АНДРЕЙ. Полно, не обращайте внимания! Погодите… постойте, прошу вас…
НАТАША. Мне стыдно… Я не знаю, что со мной делается, а они поднимают меня на смех. То, что я сейчас вышла из-за стола, неприлично, но я не могу… не могу…
АНДРЕЙ. Дорогая моя, прошу вас, умоляю, не волнуйтесь. Уверяю вас, они шутят, они от доброго сердца. Дорогая моя, моя хорошая, они все добрые, сердечные люди и любят меня и вас. Идите сюда к окну, нас здесь не видно им…
НАТАША. Я так не привыкла бывать в обществе!..
АНДРЕЙ. О, молодость, чудная, прекрасная молодость! Моя дорогая, моя хорошая, не волнуйтесь так!.. Верьте мне, верьте… Мне так хорошо, душа полна любви, восторга… О, нас не видят! Не видят! За что, за что я полюбил вас, когда полюбил – о, ничего не понимаю. Дорогая моя, хорошая, чистая, будьте моей женой! Я вас люблю, люблю… как никого никогда…

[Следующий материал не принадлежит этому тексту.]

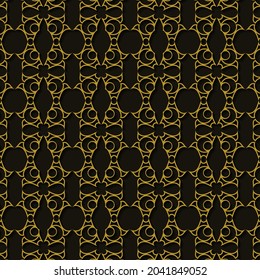 ethnic ornamental seamless pattern template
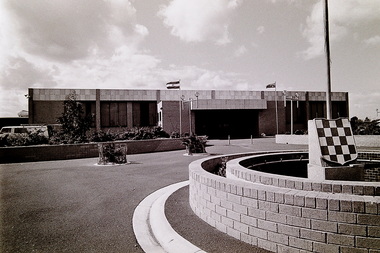 Photograph - Croatian Catholic Centre Sunshine 22 Fitzgerald Road Sunshine West 1990 Photographs, Sharon Cavanagh, 14th September 1990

Я перечитал эту сцену несколько раз. Никогда раньше мне не приходило в голову предположить ее такой, как она была решена в спектакле театра «София». То есть не просто по-другому, а, если хотите, полярным МХАТу образом. В тексте оказался удивительный запас прочности, он мог выдерживать прямо противоположные эмоциональные нагрузки и с большой полнотой соответствовать самому разному поведению персонажей: как целомудренно-романтической влюбленности, так и агрессивным проявлениям плотской страсти.
Да, я убедился, что болгарские актеры были по-своему честны перед автором. Во всяком случае, они не переиначили его текст, не прибавили и не убавили ни единой буквы, не подогнали его под свою колодку. Видимо, они просто прочли эту сцену глазами своего поколения, на свой манер, и потому имели основание утверждать, наперекор традиционному представлению, что и это – Чехов. Признаться, я вдруг потерял уверенность, что компания мхатовских офицеров, подтянутых, привлекательных, веселых шутников, вроде Федотика или Родэ, мечтательных, ищущих смысла существования, как нелюбимый барон Тузенбах, отягощенный собственной личностью, как изгиляющийся от душевных неурядиц и нереализованных страстей штабс-капитан Соленый, – что все они более близки Чехову, нежели персонажи болгарского спектакля – истерзанный тоской провинциального безделья привычно болтливый Тузенбах, замкнувшийся в себе и равнодушный ко всему Соленый и два поручика, потерявшие в этой глуши весь свой поручиковый лоск: Федотик, по привычке таскающий с собой дурацкую «фотографию», да кривляющийся и время от времени выделывающий какие-то гимнастические фигуры Родэ, оба расхристанные и «непросыхающие»…
А что до сцены Наташи и Андрея, то и русский ее вариант, и болгарский показались мне вдруг в равной мере возможными.
И тут я впервые серьезно задумался над вопросом: правомерны ли подчас наши безапелляционные суждения, что это, мол, «не Чехов», «не Шекспир», «не Островский» только потому, что предлагаемые театральные решения не соответствуют неким выработанным стереотипам трактовок тех или иных драматических сочинений, освященных, так сказать, многолетней «беспорочной службой»?
Ведь секрет бездонной емкости великих пьес в том, что они будто рассчитаны на многозначное, вневременное истолкование, как, впрочем, и все великое.
Разумеется, я не хочу сбрасывать со счета такое важное обстоятельство, как художественная традиция. Я понимаю, что проблема верного сценического истолкования великих пьес не сводится к тому, чтобы психологически обосновать и органично представить на сцене действенное содержание текста, прочитанного таким или иным образом, лишь бы зрители узнали самих себя в представленных на сцене персонажах. Узнать самих себя – еще не достаточно для того, чтобы лучше узнать персонажи Чехова, Островского или Шекспира. Все это так.